Your answer must be the lines from the one containing "ロイヤルガーデンD 2DKの間取図画像" through the last line of the records below, copied exactly, with the pictures left out.
-*-
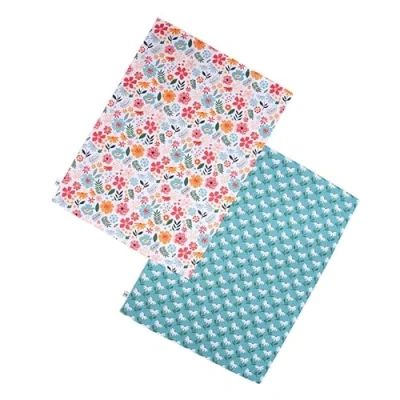Image of RHS Cottage Garden Organic Cotton Set of 2 Tea Towels Multi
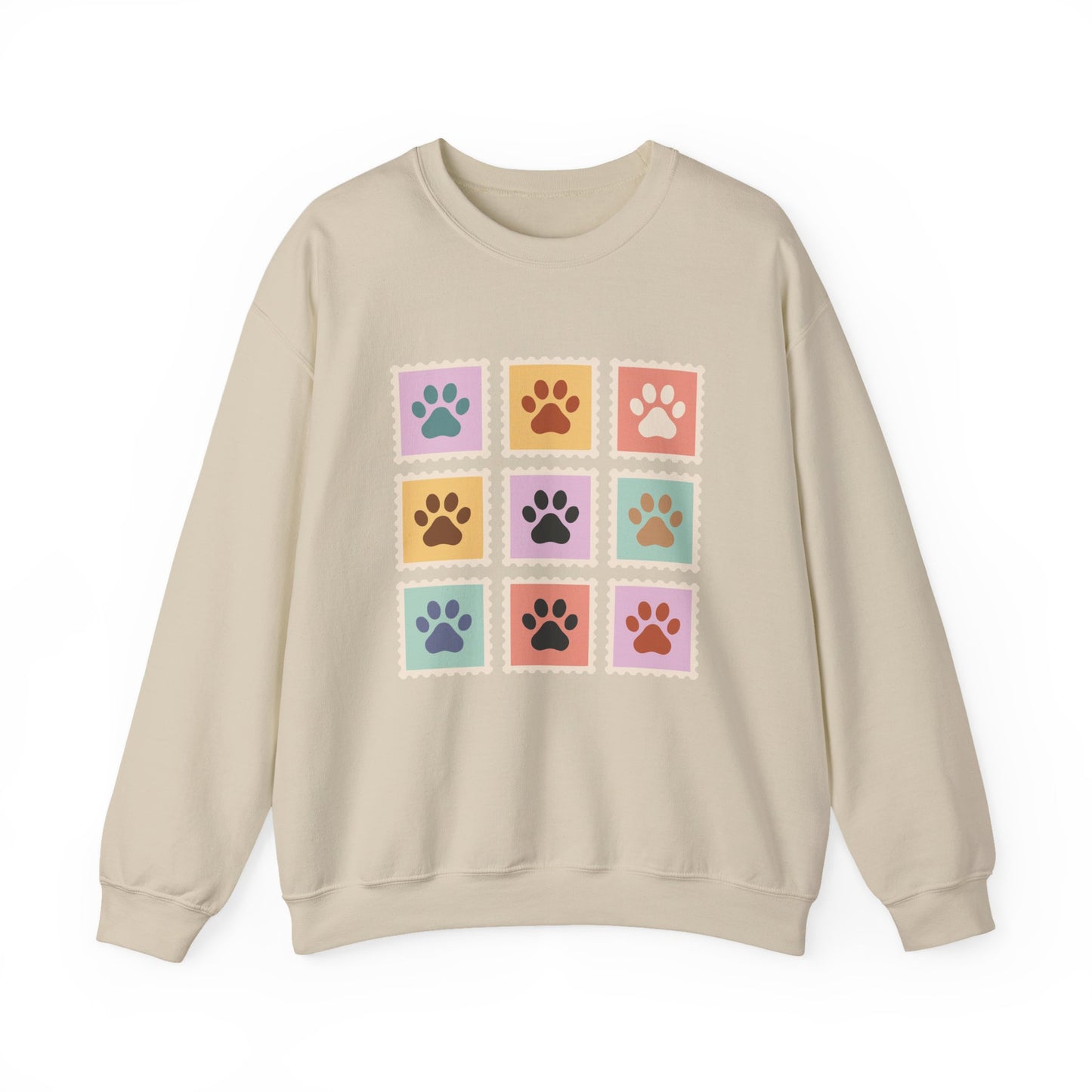Golden Retriever Paw Stamps Crewneck Sweatshirt Sand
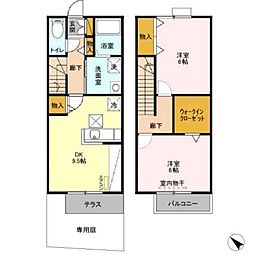 ロイヤルガーデンD 2DKの間取図画像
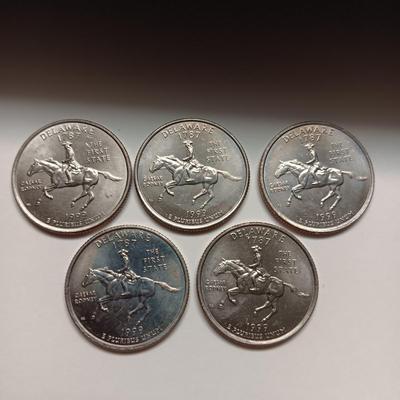 FIVE 1999 DELAWARE STATE QUARTERS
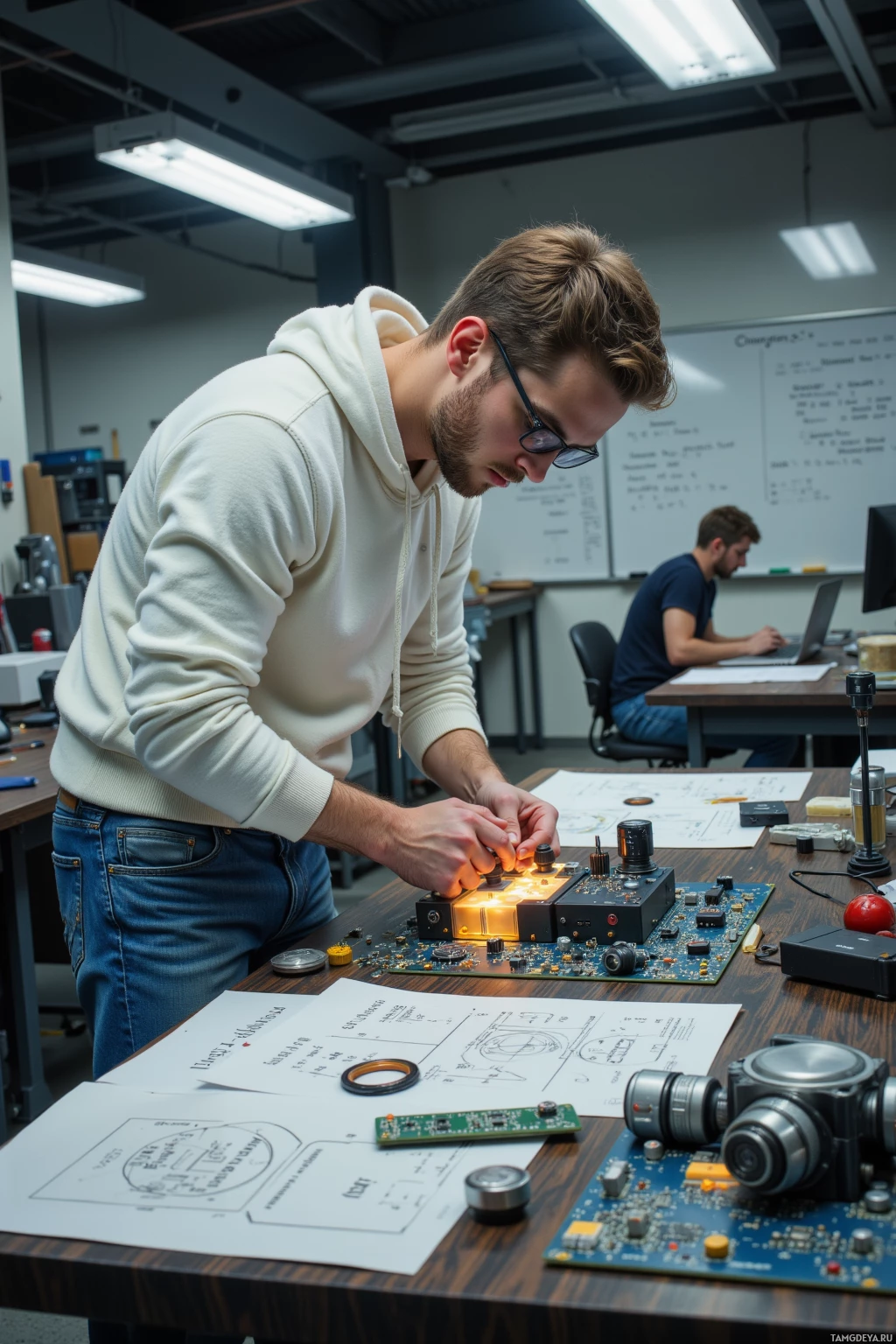 A person is working on a circuit board in a lab setting.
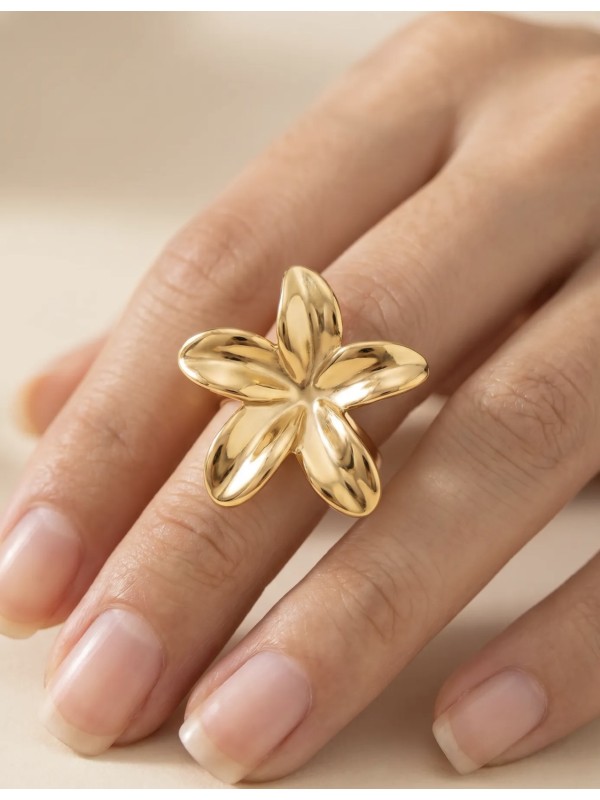 Bague fleur de frangipanier 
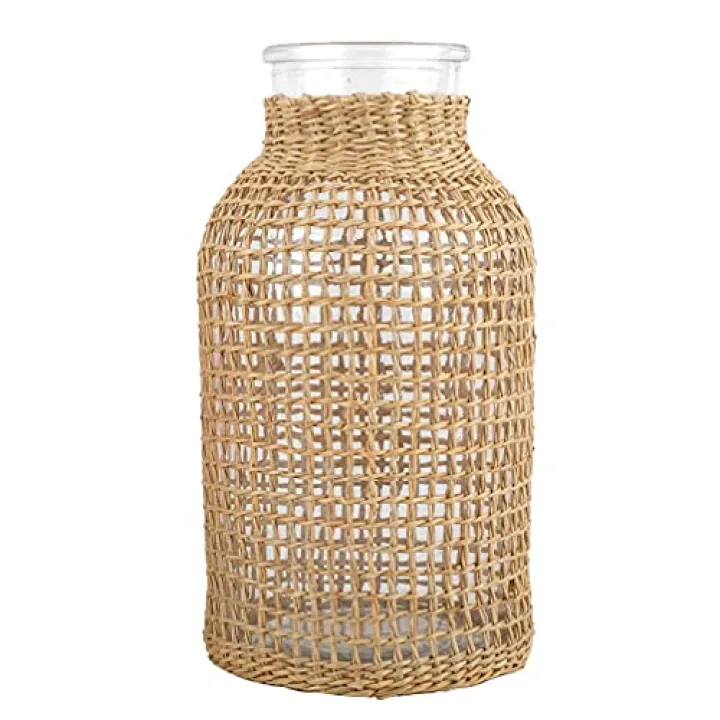 VORCOOL Rattan Woven Vase Rustic Country Style Flower Basket Glass Pot Seagrass Woven Floor Standing Vase for Home Flower Arrangement Table Centerpiece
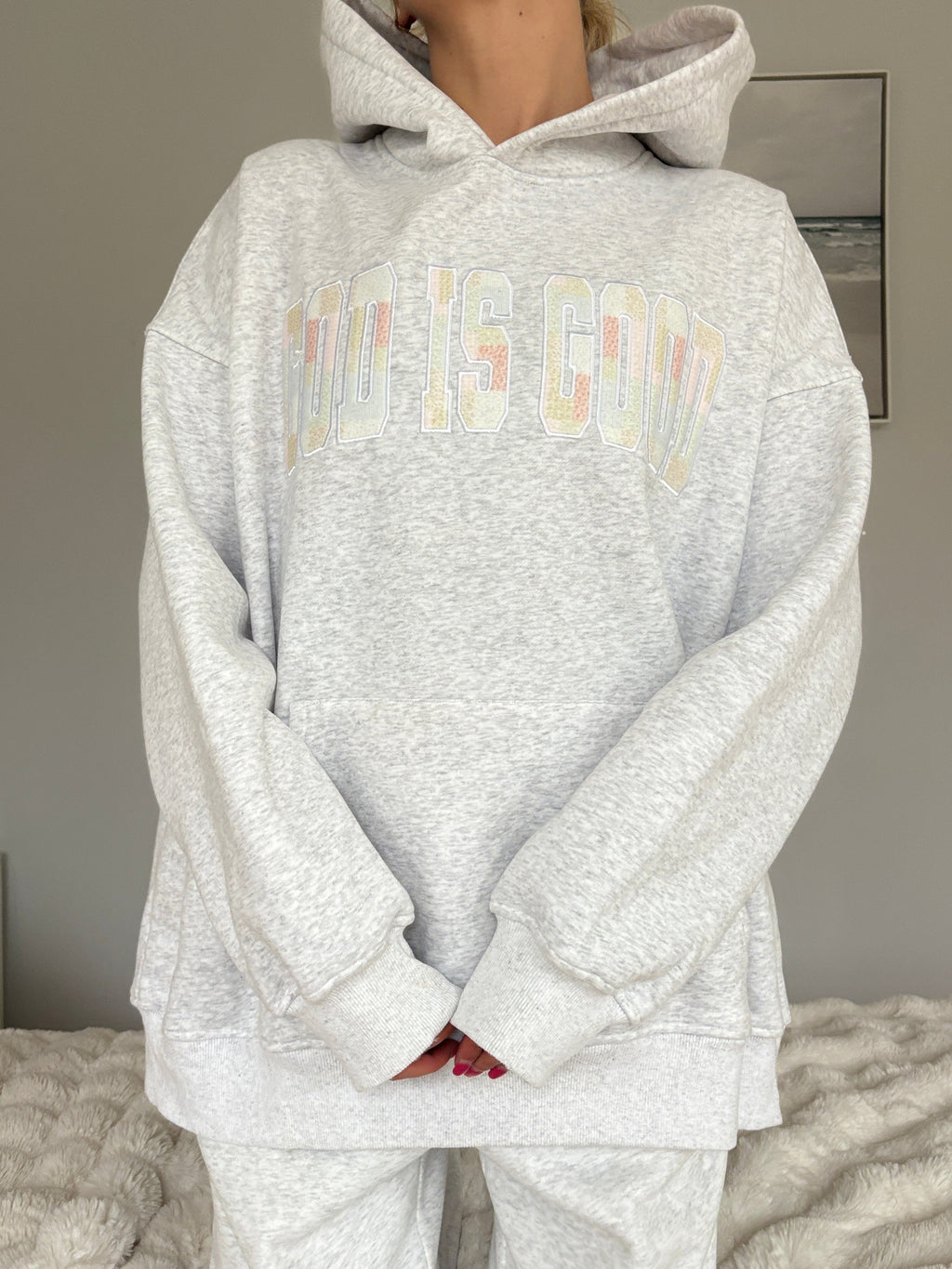 God Is Good Quilted Pastel Embroidered Oversized Hoodie Unisex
-*-
Output for this task:
 ロイヤルガーデンD 2DKの間取図画像
 FIVE 1999 DELAWARE STATE QUARTERS
 A person is working on a circuit board in a lab setting.
 Bague fleur de frangipanier 
 VORCOOL Rattan Woven Vase Rustic Country Style Flower Basket Glass Pot Seagrass Woven Floor Standing Vase for Home Flower Arrangement Table Centerpiece
 God Is Good Quilted Pastel Embroidered Oversized Hoodie Unisex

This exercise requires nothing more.